THE DATA ->
::::

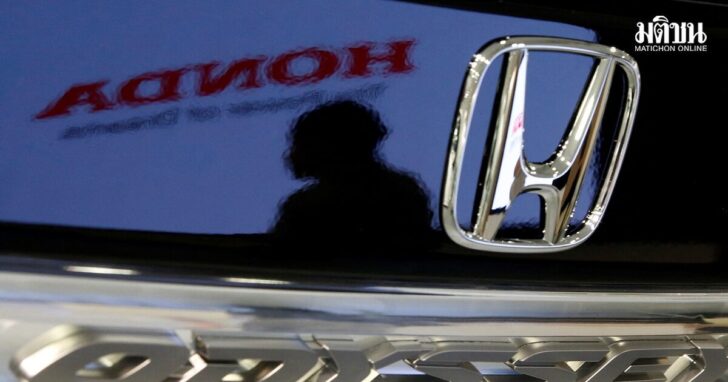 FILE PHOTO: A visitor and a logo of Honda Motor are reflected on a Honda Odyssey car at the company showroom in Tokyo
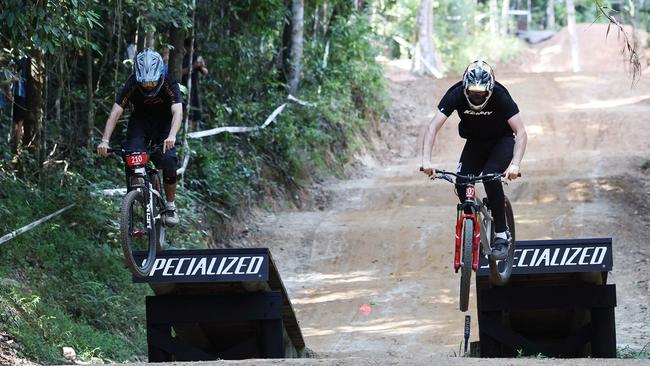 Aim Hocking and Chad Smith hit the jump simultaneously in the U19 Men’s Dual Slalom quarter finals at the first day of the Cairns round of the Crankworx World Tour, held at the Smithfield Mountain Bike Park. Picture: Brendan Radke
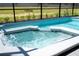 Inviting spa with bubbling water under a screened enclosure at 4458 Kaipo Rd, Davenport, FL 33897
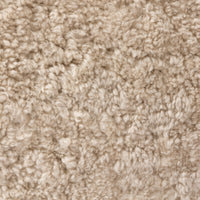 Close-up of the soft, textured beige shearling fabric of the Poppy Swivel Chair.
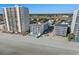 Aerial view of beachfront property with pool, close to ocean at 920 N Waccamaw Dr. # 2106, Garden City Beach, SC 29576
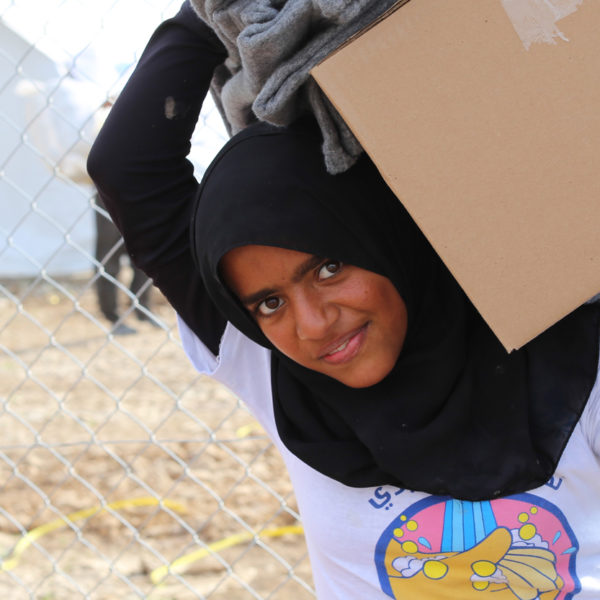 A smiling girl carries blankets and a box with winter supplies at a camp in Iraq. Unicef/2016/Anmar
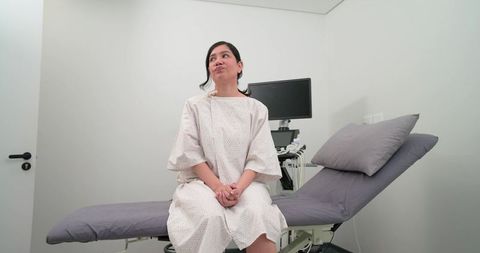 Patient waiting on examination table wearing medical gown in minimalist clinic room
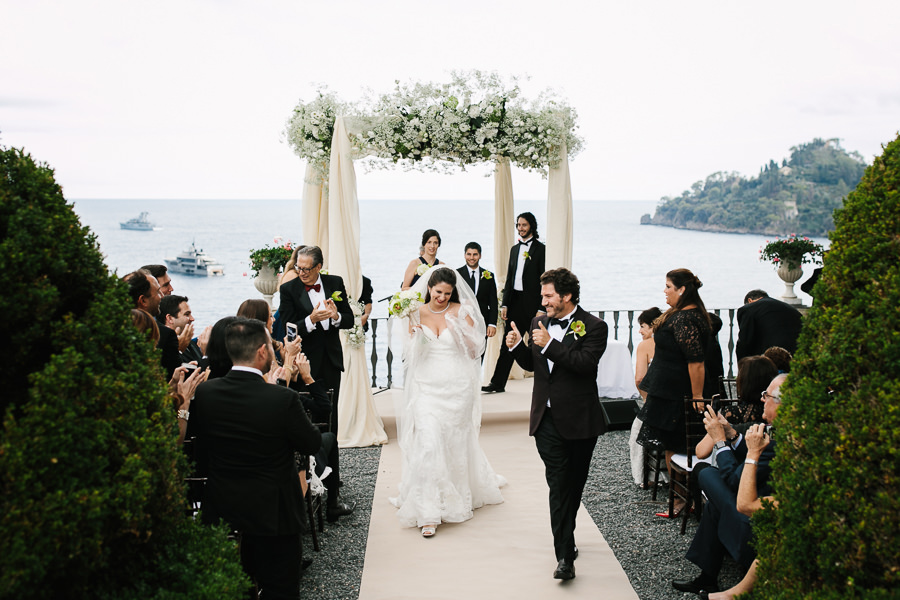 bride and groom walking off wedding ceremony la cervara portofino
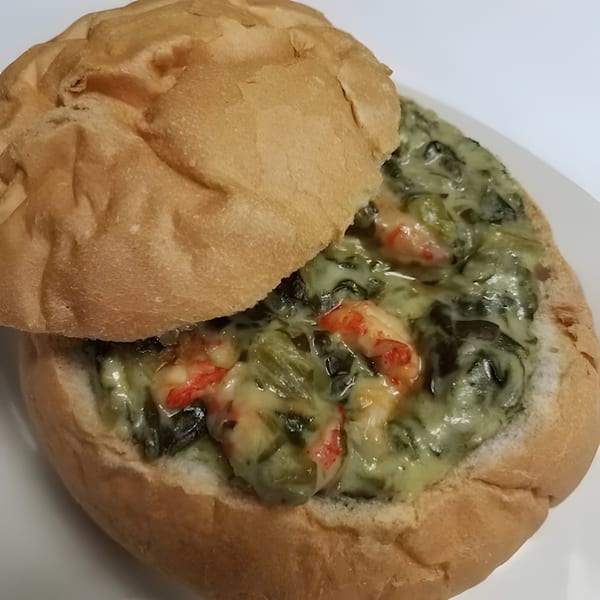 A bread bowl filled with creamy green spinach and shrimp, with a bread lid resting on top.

::::

WHAT YOU HAVE TO DO ->
Write out again, exactly, the lines from the start of the listing up to the line containing "Close-up of the", with both ends and without pictures.

ANSWER BOX ->
 FILE PHOTO: A visitor and a logo of Honda Motor are reflected on a Honda Odyssey car at the company showroom in Tokyo
 Aim Hocking and Chad Smith hit the jump simultaneously in the U19 Men’s Dual Slalom quarter finals at the first day of the Cairns round of the Crankworx World Tour, held at the Smithfield Mountain Bike Park. Picture: Brendan Radke
 Inviting spa with bubbling water under a screened enclosure at 4458 Kaipo Rd, Davenport, FL 33897
 Close-up of the soft, textured beige shearling fabric of the Poppy Swivel Chair.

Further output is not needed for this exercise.